Fabrizio was an orphan living on the streets of the medieval city of Pergamontio before he was taken in as a servant by Mangus and his wife, Sophia. It was really Sophia’s idea that Mangus needed a personal servant. Mangus says that he is able to take care of himself, and he is impatient with Fabrizio because Fabrizio is ignorant and uneducated.

When Sophia goes to visit her sister, Fabrizio tries extra hard to please Mangus so that Mangus will continue to let him live in his house. Mangus is primarily a scholar, but he supplements his income by performing magic tricks at a local tavern. That evening, a black-robed figure appears at the magic show, warning of danger coming to Mangus. The next day, the magistrate, DeLaBina, accuses Mangus of spreading papers with treasonous messages about the king around the city. During this time, all writing is by hand, and no one can understand how these papers can all look so identical unless they were produced by magic.

At first, DeLaBina offers to let Mangus go if Mangus gets rid of the papers and reveals the identity of the traitor. When Mangus protests that he cannot do real magic and that he knows nothing about the papers, he is arrested. Shortly afterward, DeLaBina is murdered. Fabrizio’s only hope of saving his master, and himself, is to find the real traitor.

The book is available to borrow and read for free online through Internet Archive.

My Reaction and Spoilers

I didn’t like this book as well as I liked the original Midnight Magic.  Partly, the problem was that I feel like some of the events of this story should have changed people and events in the other book, and they don’t because this book, which is supposed to take place earlier than the other story, was actually written after the other story. It all just seems out of order, and I didn’t like the addition of Prince Cosimo to the royal family.  In this book, Prince Cosimo is the crown prince of Pergamontio, not Prince Lorenzo from the previous book.  Prince Cosimo did not appear in Midnight Magic (although his absence is explained by the end of this book) and was never even referred to in that book (which is the part that really bothers be me everyone in that book would have known all about him and what happened to him, and I feel like Fabrizio should have at least thought about him in passing, it’s just weird when characters suddenly exist in a series that you know didn’t exist before).

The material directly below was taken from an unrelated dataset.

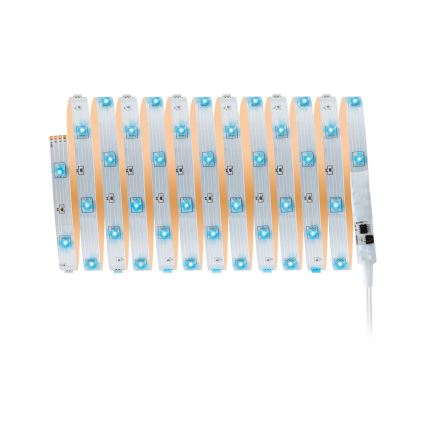 Paulmann 3988 - Tira LED RGBW regulable de 13 W TIP, 5 m, 230 V + mando a distancia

Basically, there is a plot (although not by the person who did the plotting in the other book) to overthrow the king, who is wildly superstitious. The printing press is a relatively new invention in this time period, and Pergamontio has never had one before, which is why no one can understand why the writing on the papers is so strangely uniform.  This is the other thing that bothers me about this book.  Pergamontio is supposed to be somewhat backward in comparison to other kingdoms, partly because the king is so superstitious, but it just seems like going a bit far for people to suspect that oddly-uniform writing would be a sign of witchcraft because people of that time would already be aware of the existence of signet rings and official seals which were used as stamps in wax to mark documents, like a kind of signature.  Like a printing press, those would also produce an identical image, time after time of use.  Basically, they’re all just complex forms of stamps.  Superstitious or not, I think that people of that time who were capable of reading probably would have been able to tell that a stamp of some kind was being used, even though they might not have seen one as complex as a printing press before.

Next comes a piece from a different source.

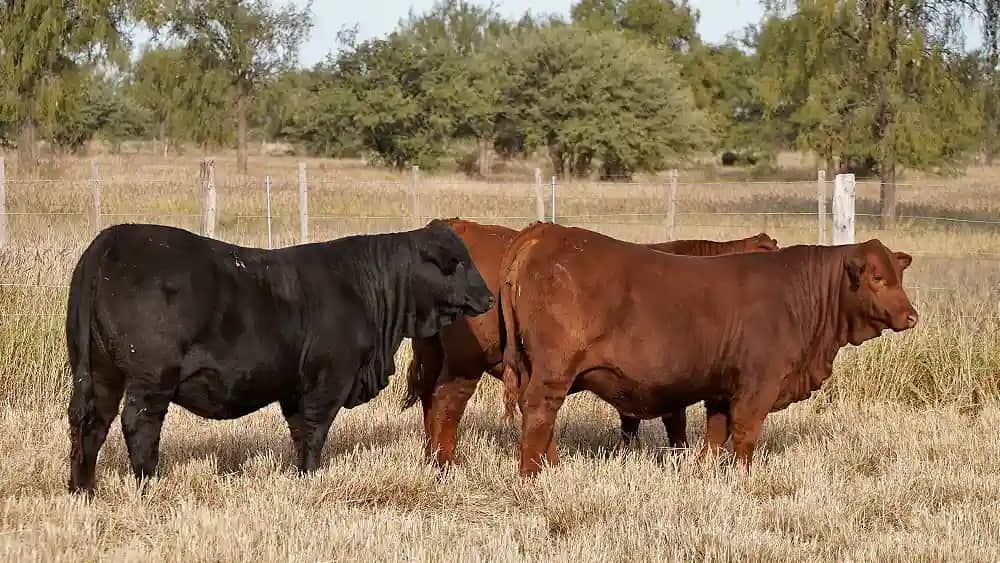 La tecnología nos ayuda a ganar kilos sin antibióticos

In the story, a family has recently brought a printing press to the city, and printing the treasonous papers was the first job they were hired to do. Shortly afterward, Maria, the daughter of the family, was arrested while passing out the papers. Her parents are taken into custody by Count Scarazoni, who is a sinister character in his own right but is actually in opposition to the real traitor in this book.

Scarazoni was the figure in the black robe who tried to warn Mangus. Fabrizio is arrested when he tries to gather up more of the papers for Mangus so they can learn where they came from.  He is nearly executed for treason, but he is saved by Scarazoni because Scarazoni realizes that the real traitor wanted him dead because he feared that Fabrizio might know too much. At the prison, Fabrizio meets Maria and helps her to escape as well. Maria explains to him the true origins of the papers, and they find DeLaBina’s body.  This is the murder referenced in the title of the book, and they must solve it to uncover the identity of the real traitor!

As in the other book in this series, Fabrizio and Mangus use a magic trick at Mangus’s trial to shock the traitor into revealing himself.  Although, at the end of the story, the king still believes that Mangus is a real magician, Scarazoni points out that without Mangus’s “magic” the real traitor might not have been discovered. The king tells Mangus that he will let him go provided that he confine himself to his own home and no longer practice magic, setting events up for the beginning of the other story.

Searching for Dragons

Searching for Dragons by Patricia C. Wrede, 1990.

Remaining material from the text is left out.